Combinatorial complexity poses a major barrier to the development of detailed, mechanistic models of biochemical systems. Traditional modeling approaches that require manual enumeration of all potential species and reactions in a network are infeasible or impractical [2][4]. This has motivated the development of rule-based modeling languages, such as the BioNetGen language (BNGL) [5], [6], Kappa [7], [8], and others [9][12], that provide a rich yet concise description of signaling proteins and their interactions [13]. The combinatorial explosion problem is avoided by representing interacting molecules as structured objects and using pattern-based rules to encode their interactions. In the graph-based formalisms of BNGL and Kappa, molecules are represented as graphs and biochemical interactions by graph-rewriting rules. Rules are local in the sense that only the properties of the reactants that are transformed, or are required for the transformation to take place, affect their ability to react. As such, each rule defines a class of reactions that share a common set of transformations (e.g., the formation of a bond between molecules) and requirements for those transformations to take place (e.g., that one or more components have a particular covalent modification). The number of reactions encoded by a rule varies depending on the specifics of the model; a rule-based encoding is considered compact if it contains rules that encode large numbers of reactions. Overviews of rule-based modeling with BNGL can be found in Sec. S3.1 of Text S1 and Refs. [6], [14]. A description of the graph-theoretic formalism underlying BNGL is provided in Sec. S4.1 of Text S1, building on a previous graph-theoretical treatment [15].

Network-based and network-free simulation of rule-based models

An important characteristic of rule-based models is that they can encode both finite and infinite reaction networks. If the network is finite and “not too large” (≲10000 reactions [16]) it can be generated from the rule-based model algorithmically by a process known as “network generation” [5], [6], [14], [15], [17]. Network generation begins by applying the rules of a rule-based model to a set of initial “seed” species, which define the initial state of the model system, to generate new species and reactions. The new species are then matched against the existing species to determine whether or not they are already present in the network [18]. Any species that are not already present are added to the network and an additional round of rule application is performed. This iterative process continues until an iteration is encountered in which no new species are generated. The resulting system of reactions can then be simulated using a variety of network-based deterministic and stochastic simulation methods. For example, network-based simulation methods currently implemented within BioNetGen include SUNDIALS CVODE [19] for ordinary differential equation (ODE)-based simulations, Gillespie's stochastic simulation algorithm (SSA; direct method with dynamic propensity sorting) [20], [21], and the accelerated-stochastic “partitioned-leaping algorithm” [22].

The rule-based methodology also provides a way to simulate models with prohibitively large or infinite numbers of species and reactions. This “network-free” approach involves representing molecular complexes as particles and applying rule transformations to those particles at runtime using a kinetic Monte Carlo update scheme [23], [24]. At each simulation step, reactant patterns are matched to the molecular complexes within the system to calculate rule propensities. The rule to next fire is then selected probabilistically as in the SSA [20] and the particle(s) to participate in the transformation is (are) selected randomly from the set of matches. When the rule fires, transformations are applied to the reactant complexes to create the products.

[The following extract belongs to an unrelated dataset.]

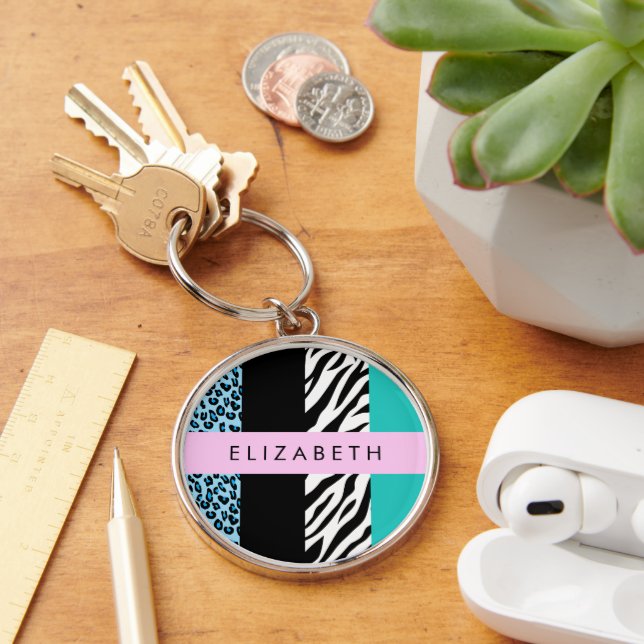 Leopard Print, Zebra Print, Blue, Your Name Keychain (Desk)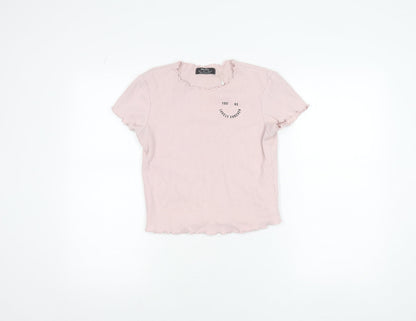 Bershka Women's Pink Ruffle Hem Slim Fit Cotton T-Shirt Size L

Since the reactants and products are determined at runtime there is no need to enumerate all species and reactions a priori as in network-based methods. This procedure is a particle-based variant of Gillespie's algorithm [23], [24] and a generalization of the “n-fold way” of Bortz et al. [25], which was originally developed to accelerate the simulation of Ising spin systems. An efficient, open-source implementation that is compatible with BNGL models is NFsim, the “network-free simulator” [16]. Other network-free simulation tools for rule-based models include RuleMonkey [26], DYNSTOC [27], SRsim [28], and KaSim [24]. A recent paper [29] compares the rejection-based sampling technique [23] used in NFsim with the rejection-free approach employed in RuleMonkey. For models of multivalent ligand-receptor binding, rejection-based sampling was shown to be more efficient in the vicinity of the solution-gel phase boundary, while rejection-free sampling was more efficient for simulating the dynamics within the gel phase.

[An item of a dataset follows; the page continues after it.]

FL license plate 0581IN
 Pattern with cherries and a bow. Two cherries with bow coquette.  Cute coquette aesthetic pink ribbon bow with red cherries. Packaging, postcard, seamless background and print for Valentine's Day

Since only the current set of molecular complexes and the transformations that can be applied to them are tracked, network-free methods can efficiently simulate systems that are intractable to network-based methods [16], [23], [24], [29]. However, the explicit representation of every molecule in the system is a major shortcoming of the approach. As such, network-free methods can require large amounts of computational memory for systems that contain large numbers of particles, a potential barrier to simulating systems such as the regulatory networks of a whole cell [30], [31]. A typical eukaryotic cell, for example, contains on the order of protein-coding genes, mRNA molecules, and protein molecules [32], [33], along with much larger numbers of metabolites, lipids, and other small molecules. Simulating a cell at this level of detail using a network-free approach would be impractical. There is a need, therefore, for new approaches that can reduce the memory requirements of network-free simulation methods.

Computational complexity

A common measure of the computational cost of an algorithm is its computational complexity. In basic terms, computational complexity measures how the computational cost increases as an algorithm is applied to increasingly larger data sets [34]. For the simulation methods considered in this paper, two types of computational complexity are important: (i) space complexity, the number of memory units consumed during the execution of an algorithm; (ii) time complexity, the number of computational steps required to complete an algorithm.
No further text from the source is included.